Convert Word documents to beautiful Markdown. Via command line or in your browser. An even better version of the original word-to-markdown
.
- Paragraphs
- Numbered lists
- Bullet lists
- Nested Lists
- Headings
- Lists
- Tables
- Footnotes and endnotes
- Images
- Bold, italics, underlines, strikethrough, superscript and subscript.
- Links
- Line breaks
- Text boxes
- Comments
TL;DR: This project is a complete rewrite, using modern tools and libraries, and is much faster and more reliable. The output should be the same or better. Feedback welcome!
Word to Markdown can be run locally or in your browser. In either event, the conversion happens locally, and no information ever leaves your browser.
- Clone the repo
- Run
npm install
Run w2m path/to/your/file.docx
npm run server:web
You can also run Word to Markdown as an HTTP API server, where you can make requests from elsewhere.
npm run server
The server exposes a POST /raw
endpoint, which returns the converted Markdown.

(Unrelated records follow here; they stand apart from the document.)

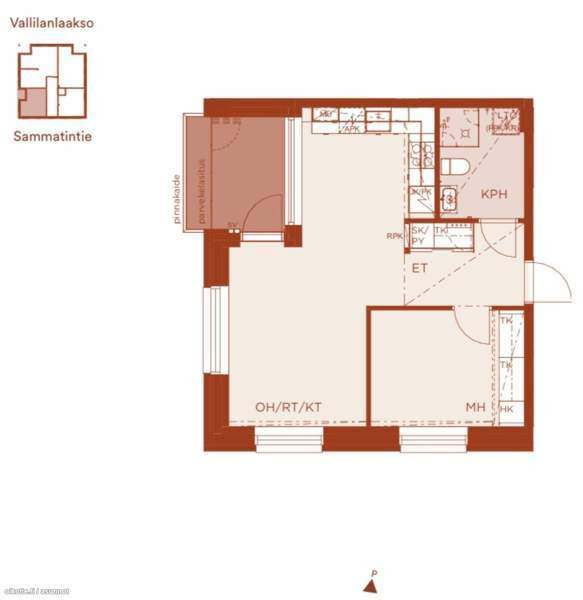 2h + avok + p  Helsinki - valokuva 4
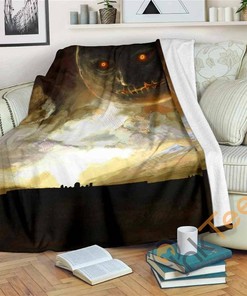 The Legend Of Zelda Large Sherpa Fleece Blanket Gifts for Family, for Couple
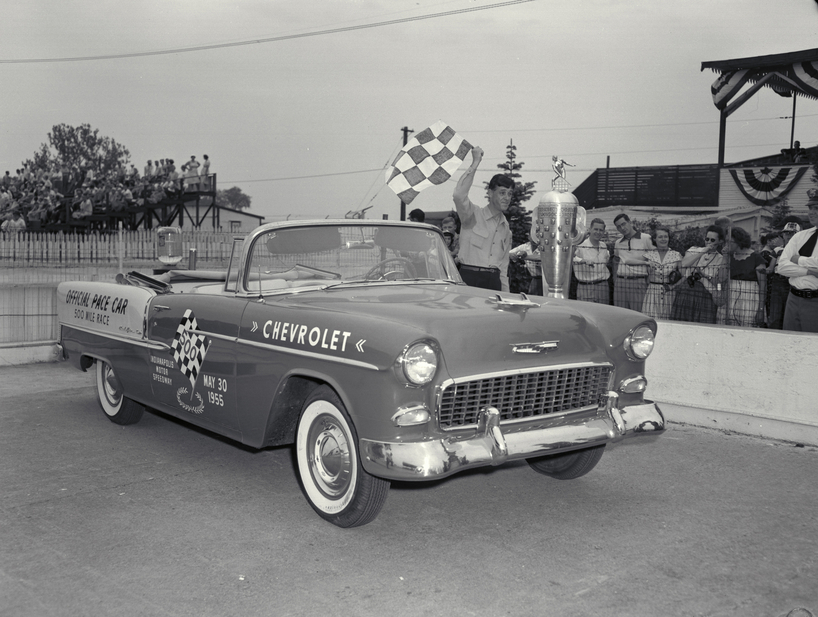 Chevrolet Bel Air Convertible Indianapolis 500 Pace Car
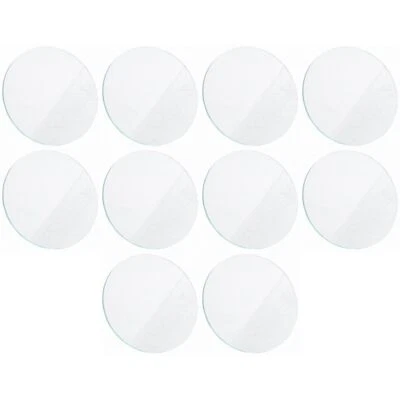 LEYTON LIGHTING Pack Of 10 x Replacement Glass Frosted Baix Spare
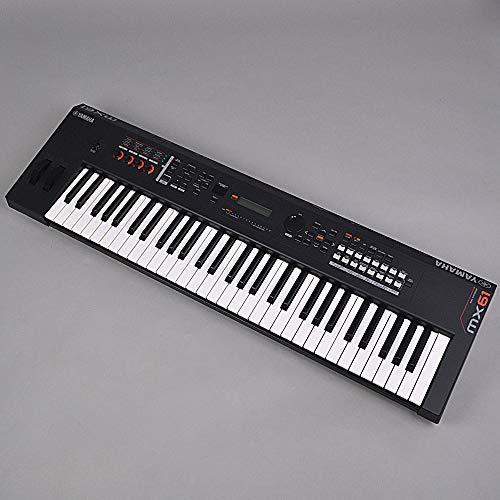経団連会長 YAMAHA ヤマハ/MX61 BK ブラック シンセサイザー - ideup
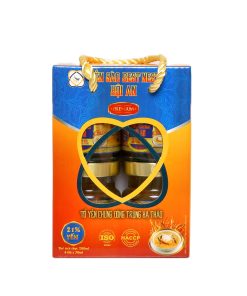 Hộp 4 hũ Yến Sào BESTNEST HỘI AN Premium 21% Đông trùng hạ thảo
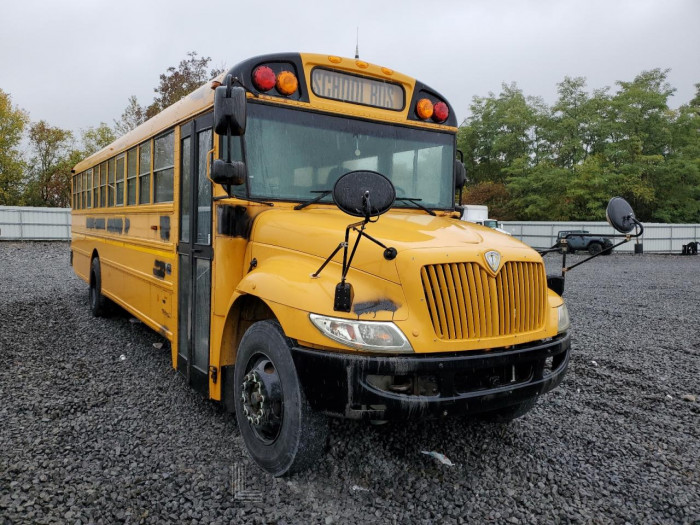 Ic corporation Ce series 2014 VIN 4DRBUSKN5EB352936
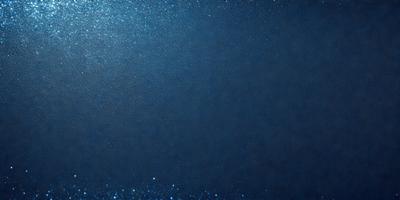 The primary subject of the image is a blue background with a few sparkling stars. The setting is a dark, starry night, and the visual style is a combination of a photo and digital art. The colors and mood are predominantly dark and mysterious, with the blue background and sparkling stars adding a touch of brightness and interest to the scene.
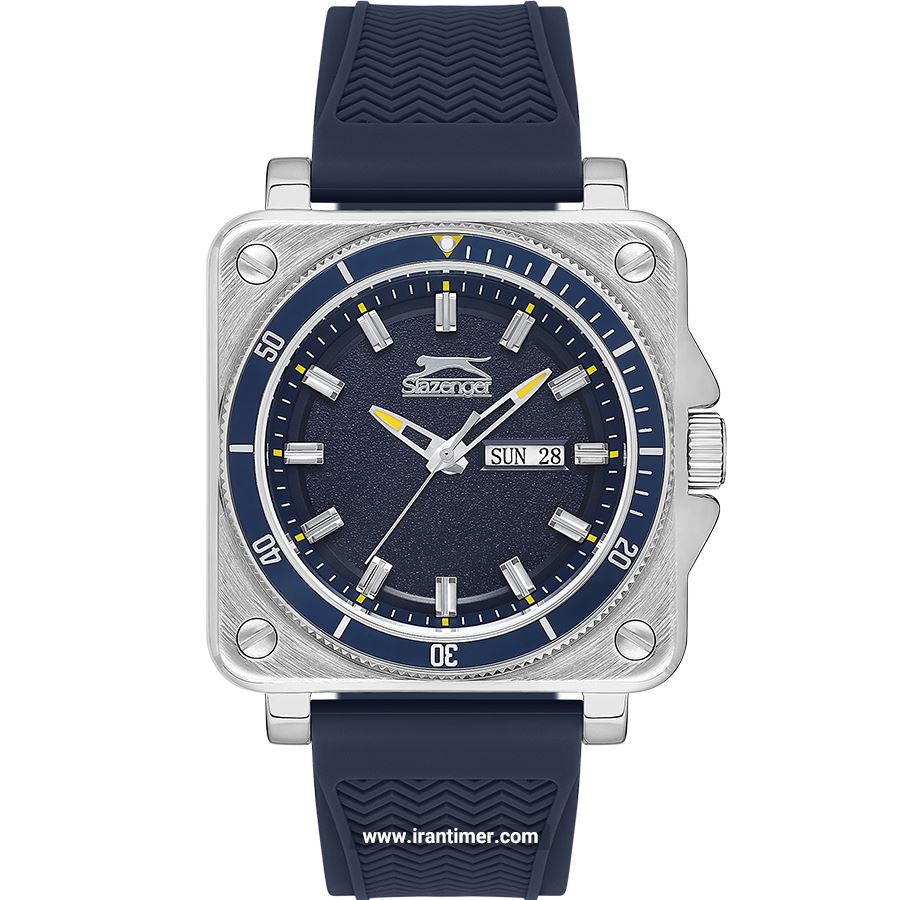 قیمت و خرید ساعت مچی مردانه اسلازنجر(SLAZENGER) مدل SL.09.2233.1.03 اسپرت | اورجینال و اصلی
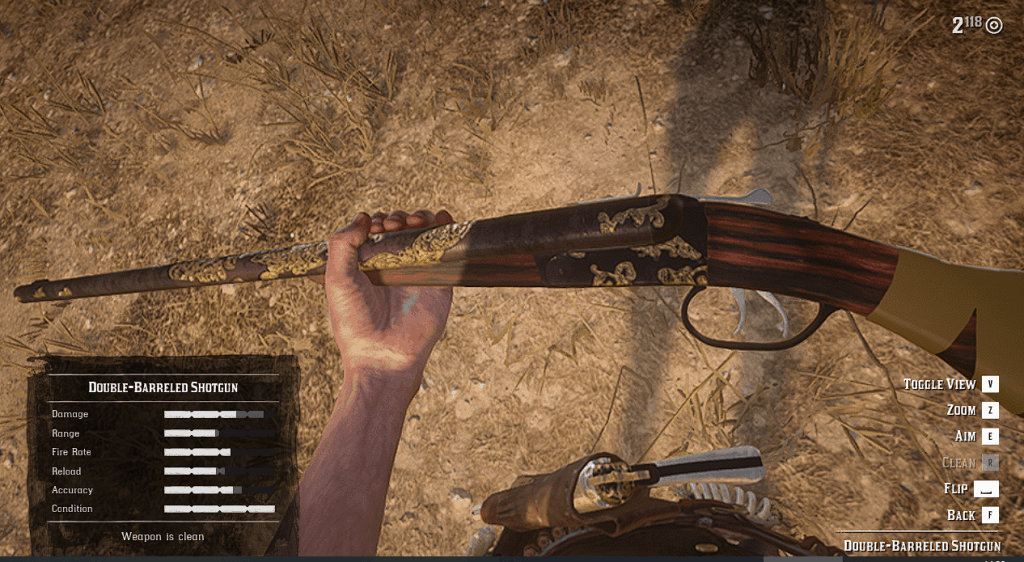 Elephant Rifle Red Dead Redemption 2 Mod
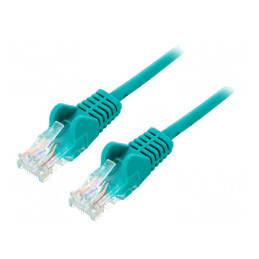 Cablu Patch UTP Cat6 Verde 2m | Electronic-mag.ro | Componente Electronice
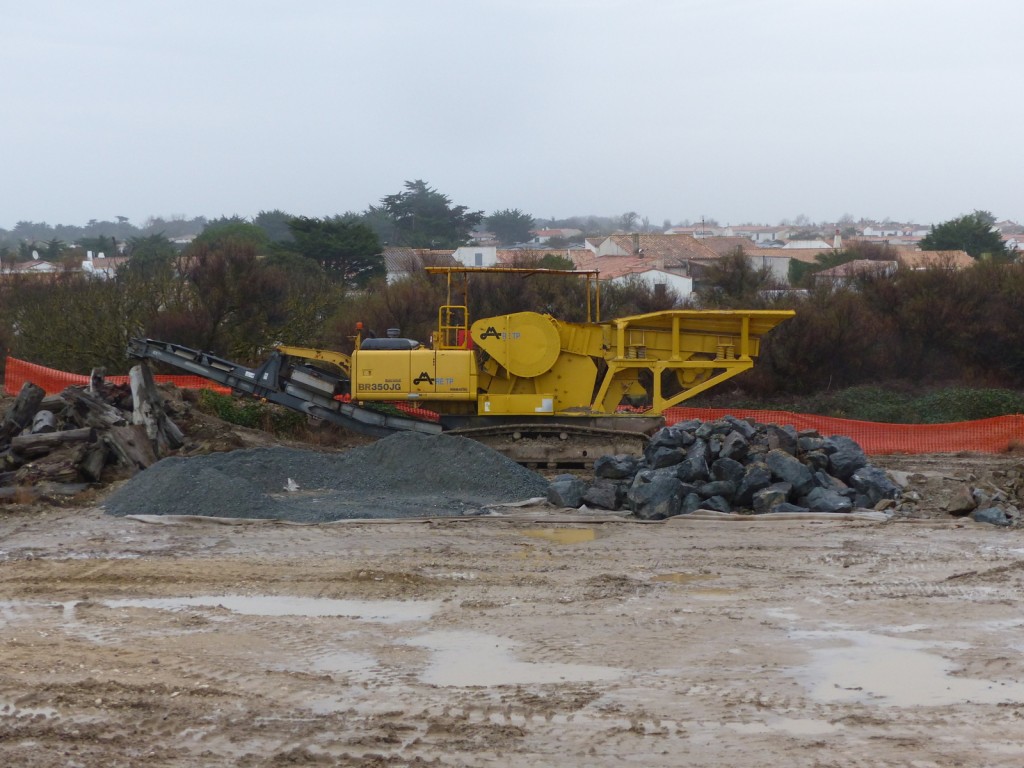 Saint-Clément - Digue des Doreaux - 15 décembre 2015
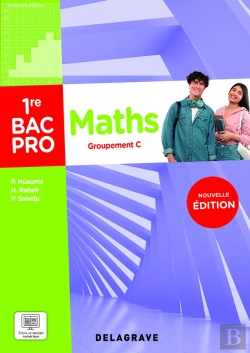 Bertrand.pt - Mathématiques : Groupement C ; 1re Bac Pro ; Pochette Élève (Édition 2025)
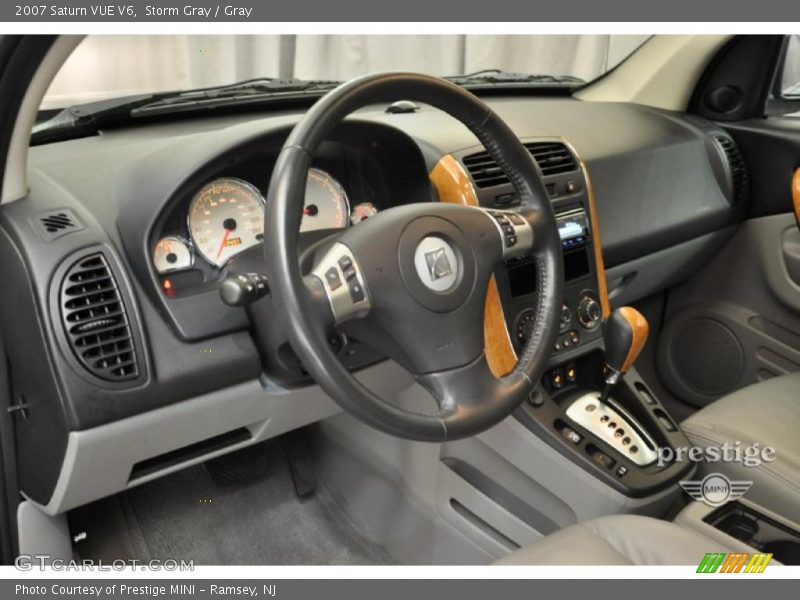 Storm Gray / Gray 2007 Saturn VUE V6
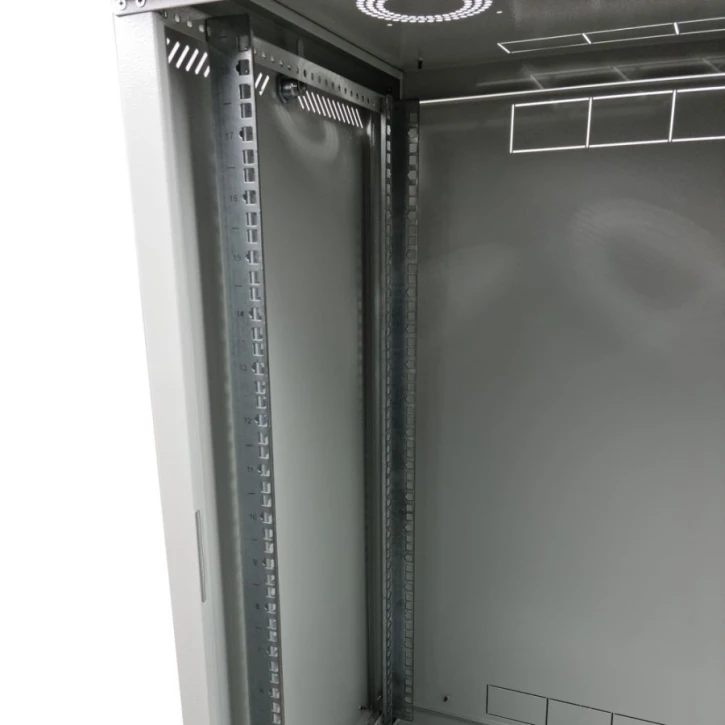 Шафа навісна E-server 15U 600х500х773 мм сіра (ES-Е1550G) фото 10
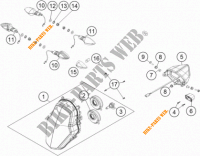 FAROL / FAROLIM para KTM 1050 ADVENTURE ABS 2016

See the README of the original Word to Markdown for the project's motivation.
The Original Word to Markdown is 10 years old. The conversion process was as follows:
- Use LibreOffice to convert the Word document to HTML.
- Use a bunch of RegEx to clean up the HTML
- User Premailer to inline the CSS
- Use Nokogiri to manipulate the HTML further
- Use Reverse Markdown to convert the HTML to Markdown
- Use a bunch of RegEx to clean up the Markdown
Not only did this process require installing and shelling out to a huge binary (LibreOffice), but it was very fragile, and key projects like Reverse Markdown are no longer maintained. I tried experimenting with Pandoc, but it had many of the same limitation.
- Use Mammoth.js to convert the Word document to HTML.
- Use Turndown to convert the HTML to Markdown.
- Use Markdownlint to clean up the Markdown.
All three of these projects are actively maintained and heavily used, and allows us to convert the document faster, and entirely in JavaScript. Heck, I think theoretically, this could run in the browser for added privacy.
It's still in beta, but so far, I've found the output to be better, with much less manual cleanup required. Notice something is off? Please open an issue.
One note: This project does not yet attempt to guess heading levels based on font size. It could, but it's not yet implemented.